**Activity:** Reproduce verbatim every line from the one that includes "High mortality" to the closing line of the entries; omit everything before it.

══ Source records

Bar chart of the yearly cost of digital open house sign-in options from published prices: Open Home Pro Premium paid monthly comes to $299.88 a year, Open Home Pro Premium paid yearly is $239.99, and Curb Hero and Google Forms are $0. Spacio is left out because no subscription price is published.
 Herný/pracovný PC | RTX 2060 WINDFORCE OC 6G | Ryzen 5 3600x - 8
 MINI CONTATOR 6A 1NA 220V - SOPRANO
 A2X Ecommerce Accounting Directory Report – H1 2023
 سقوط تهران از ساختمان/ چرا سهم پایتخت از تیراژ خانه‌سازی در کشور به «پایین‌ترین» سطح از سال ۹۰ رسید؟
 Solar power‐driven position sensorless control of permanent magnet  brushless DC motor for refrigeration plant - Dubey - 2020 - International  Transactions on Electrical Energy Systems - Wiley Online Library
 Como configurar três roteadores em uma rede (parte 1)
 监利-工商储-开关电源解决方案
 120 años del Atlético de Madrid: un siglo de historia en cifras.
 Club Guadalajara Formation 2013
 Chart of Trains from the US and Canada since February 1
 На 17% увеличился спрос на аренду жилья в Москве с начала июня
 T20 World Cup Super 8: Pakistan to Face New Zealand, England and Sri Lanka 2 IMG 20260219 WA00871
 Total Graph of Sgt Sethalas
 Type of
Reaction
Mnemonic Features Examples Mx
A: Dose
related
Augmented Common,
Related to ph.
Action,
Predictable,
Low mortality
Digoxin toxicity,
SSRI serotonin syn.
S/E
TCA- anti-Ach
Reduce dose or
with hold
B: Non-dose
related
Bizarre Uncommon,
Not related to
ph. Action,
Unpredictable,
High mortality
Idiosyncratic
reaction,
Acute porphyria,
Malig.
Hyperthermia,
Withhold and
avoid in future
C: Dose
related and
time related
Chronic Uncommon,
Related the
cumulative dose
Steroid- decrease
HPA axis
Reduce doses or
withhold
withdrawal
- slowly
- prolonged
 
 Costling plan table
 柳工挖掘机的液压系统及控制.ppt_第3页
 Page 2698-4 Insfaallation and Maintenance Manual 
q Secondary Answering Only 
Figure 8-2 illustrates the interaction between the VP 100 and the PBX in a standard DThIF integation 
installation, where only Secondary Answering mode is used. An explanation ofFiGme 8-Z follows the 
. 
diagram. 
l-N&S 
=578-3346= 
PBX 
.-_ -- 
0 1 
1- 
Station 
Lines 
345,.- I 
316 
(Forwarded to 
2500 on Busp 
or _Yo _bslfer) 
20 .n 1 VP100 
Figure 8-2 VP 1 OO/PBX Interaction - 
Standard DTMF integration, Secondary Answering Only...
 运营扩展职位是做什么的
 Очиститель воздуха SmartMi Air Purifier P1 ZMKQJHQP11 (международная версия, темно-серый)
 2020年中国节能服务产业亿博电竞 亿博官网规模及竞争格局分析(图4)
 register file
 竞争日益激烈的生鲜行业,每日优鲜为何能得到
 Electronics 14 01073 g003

════

**Result:**
High mortality
Idiosyncratic
reaction,
Acute porphyria,
Malig.
Hyperthermia,
Withhold and
avoid in future
C: Dose
related and
time related
Chronic Uncommon,
Related the
cumulative dose
Steroid- decrease
HPA axis
Reduce doses or
withhold
withdrawal
- slowly
- prolonged
 
 Costling plan table
 柳工挖掘机的液压系统及控制.ppt_第3页
 Page 2698-4 Insfaallation and Maintenance Manual 
q Secondary Answering Only 
Figure 8-2 illustrates the interaction between the VP 100 and the PBX in a standard DThIF integation 
installation, where only Secondary Answering mode is used. An explanation ofFiGme 8-Z follows the 
. 
diagram. 
l-N&S 
=578-3346= 
PBX 
.-_ -- 
0 1 
1- 
Station 
Lines 
345,.- I 
316 
(Forwarded to 
2500 on Busp 
or _Yo _bslfer) 
20 .n 1 VP100 
Figure 8-2 VP 1 OO/PBX Interaction - 
Standard DTMF integration, Secondary Answering Only...
 运营扩展职位是做什么的
 Очиститель воздуха SmartMi Air Purifier P1 ZMKQJHQP11 (международная версия, темно-серый)
 2020年中国节能服务产业亿博电竞 亿博官网规模及竞争格局分析(图4)
 register file
 竞争日益激烈的生鲜行业,每日优鲜为何能得到
 Electronics 14 01073 g003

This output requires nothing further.